ADMINISTRATIVE APPEALS TRIBUNAL      )

)          No   V2005/451

GENERAL ADMINISTRATIVE DIVISION )
Re SECRETARY, DEPARTMENT OF FAMILY AND COMMUNITY SERVICES

Applicant

And

LUKE KELLY

Respondent

DECISION

Tribunal Mr John Handley, Senior Member

Date5 December 2005

PlaceMelbourne

Decision The decision under review is affirmed.

..............................................

Senior Member 

SOCIAL SECURITY – respondent a full time student – undertaking an honours year of study – whether entitled to Newstart allowance – absence of activity agreement – whether an agreement should have been negotiated requiring respondent to undertake full time study – secretary appeal – decision of SSAT affirmed 

Social Security Act 1991

Administrative Appeals Tribunal Act 1975

Re Drake v.

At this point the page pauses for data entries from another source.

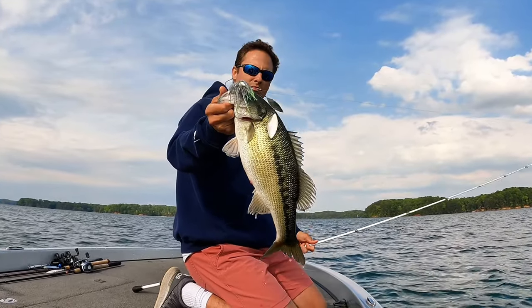Today, I'm going to give you my top five herring spawn baits. This list has not changed much for me over the last decade that I've really been fishing this herring spawn here in the southeast.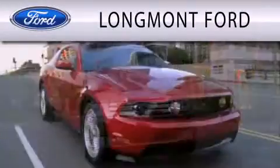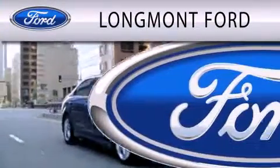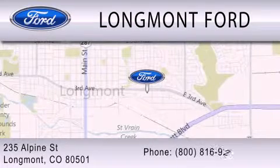Longmont Ford is dedicated to doing everything possible to ensure that the experience you have of selecting your next vehicle is as pleasant as possible. We're located at 235 Alpine Street in Longmont.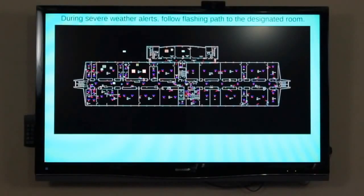MessageNet Connections is a multi-user system that allows your staff to send important messages from almost any device through a central system to virtually any combination of other devices.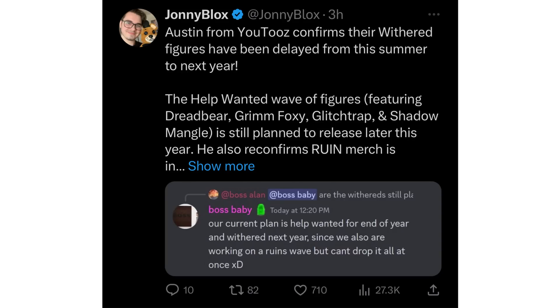Also, thanks to Johnny Blox, one of the actual YouTooz developers has confirmed that the Withered figures have been delayed from this summer to next year. But do not fear, because the Help Wanted wave of figures featuring Fredbear, Grim Foxy, Glitchtrap, and Shadow Mangle is still planned to release later this year. He also confirmed that Ruin merch is in the works. We're getting a whole bunch of brand new YouTooz — cannot wait.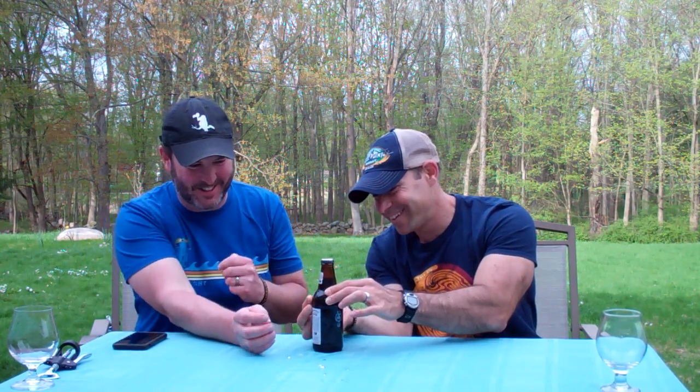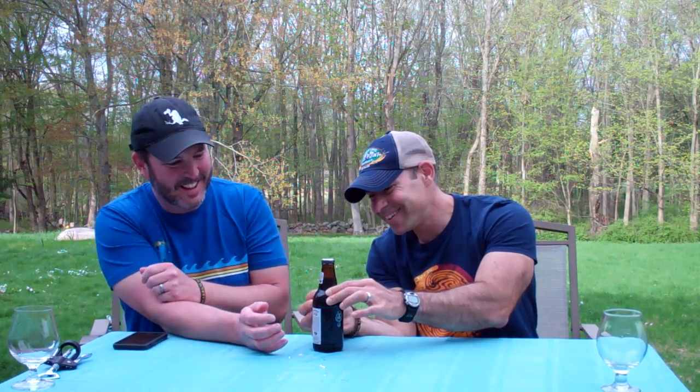Next up we've got an old-ass stout we're going to try — a Thanksgiving stout — and it's May, so that should be interesting.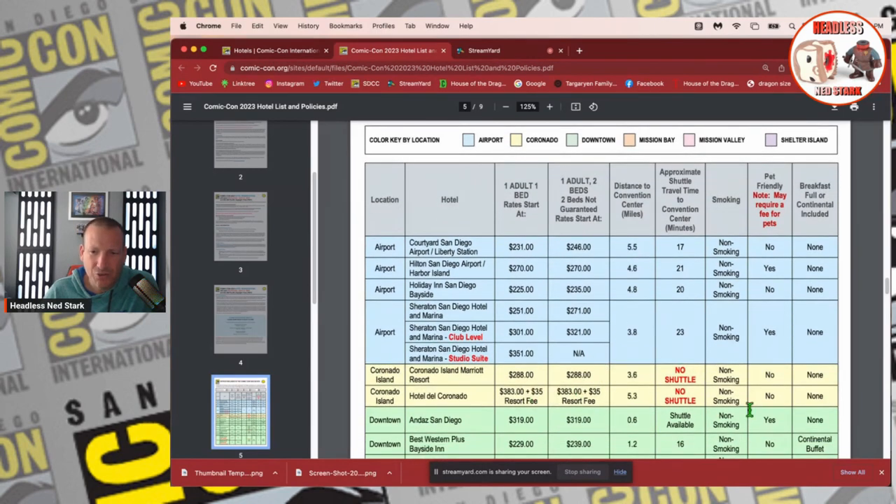Coronado has only two hotels — these are more like resorts and are further away. So maybe you have one day at Comic-Con but you want a four-day vacation — this would be an option. There are no shuttles though, so you've got to make your way yourself.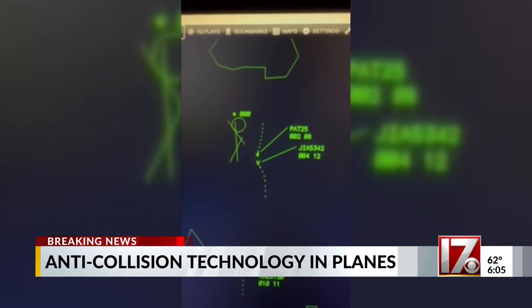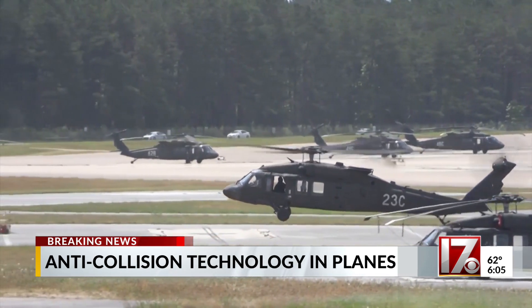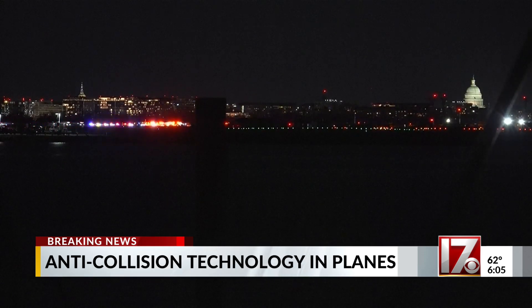The main system used on planes is TCAS — the Traffic Collision Avoidance System — but it works differently at different altitudes. Flight track radar shows the path the CRJ-700 American Eagle plane took Wednesday night before it collided with a Black Hawk helicopter. Airline pilot Ross Kaplan says all U.S. airline aircraft are equipped with TCAS, although the capabilities may vary from aircraft to aircraft.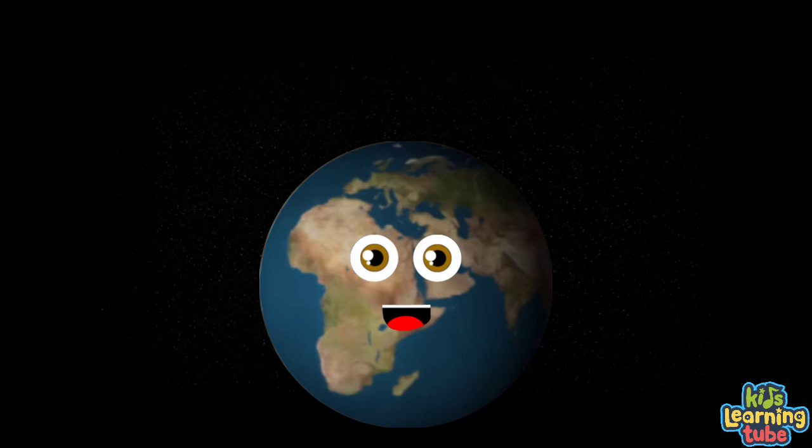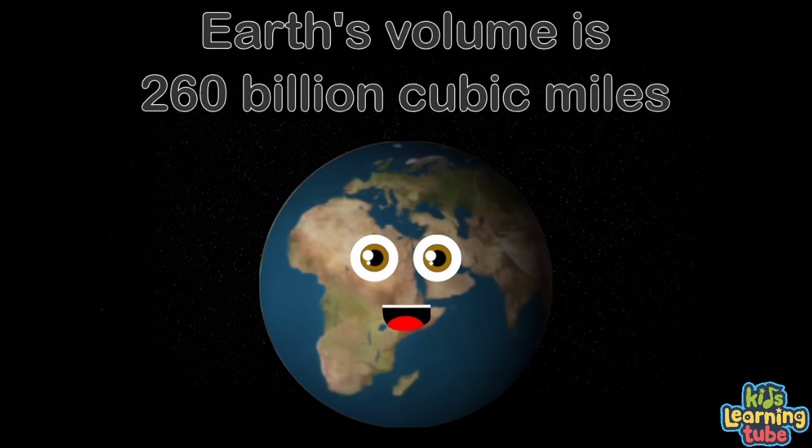Let's measure the Earth in cubic miles to get its volume. 260 billion cubic miles is what it consumed.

Minister for Immigration and Ethnic Affairs (No. 2) (1979) 2 ALD 634

REASONS FOR DECISION

5 December 2005     Mr John Handley, Senior Member

1.      This application is concerned with whether Mr Kelly was entitled to New Start Allowance (“NSA”) during a period of time when he was a full time student.  The SSAT decided on 18 April 2005 that he did have that entitlement.  The Secretary of the Department of Family Community Services applies by these proceedings to review that decision.  The circumstances of the application are not in dispute and may be briefly summarised as follows. 

2. Mr Kelly is presently 23 years of age. He completed a Bachelor of Environmental Science at Deakin University in July 2004. He then became unemployed and qualified for payment of NSA. He and Centrelink entered into an activity agreement under the Social Security Act 1991 (“the Act”), part of which required him to undertake to seek suitable work and maintain a diary of job searches. Mr Kelly also engaged in some temporary or part time employment (with the knowledge of Centrelink) but when it became apparent that he would have difficulty locating full time employment, he was advised to complete an Honours year with Deakin University. A further year of Honours studies was regarded by the University as forming part of the undergraduate course. Mr Kelly notified an officer of Centrelink at the Moreland office in early October 2004 that it was his intention to enrol as a full time student in the Honours year. That conversation occurred during one of his routine visits to Centrelink where he was required to produce his diary, pursuant to the activity agreement. Mr Kelly said that the officer asked him to notify Centrelink when he became enrolled. Mr Kelly enrolled in the Honours year on 29 November 2004 and he notified Centrelink on 30 November 2004 (T5 p15). He said that a Centrelink officer then indicated to him that the Honours year would be regarded as a “short course” and would be regarded by Centrelink as being “vocational training”. He was not advised that the activity agreement needed to be amended or varied to exempt him from having to make job applications or maintain a diary, during the period in which it would anticipated that he would be in full time studies in 2005 (refer applicant’s evidence at hearing; submission to SSAT 15 April 2005; Statement of Facts and Contentions dated 15 November 2005). Mr Kelly said that at the time that he had the above discussions with Centrelink officers, he did not know that the activity agreement would need to be re-negotiated or varied, nor was he informed by Centrelink that this would be necessary.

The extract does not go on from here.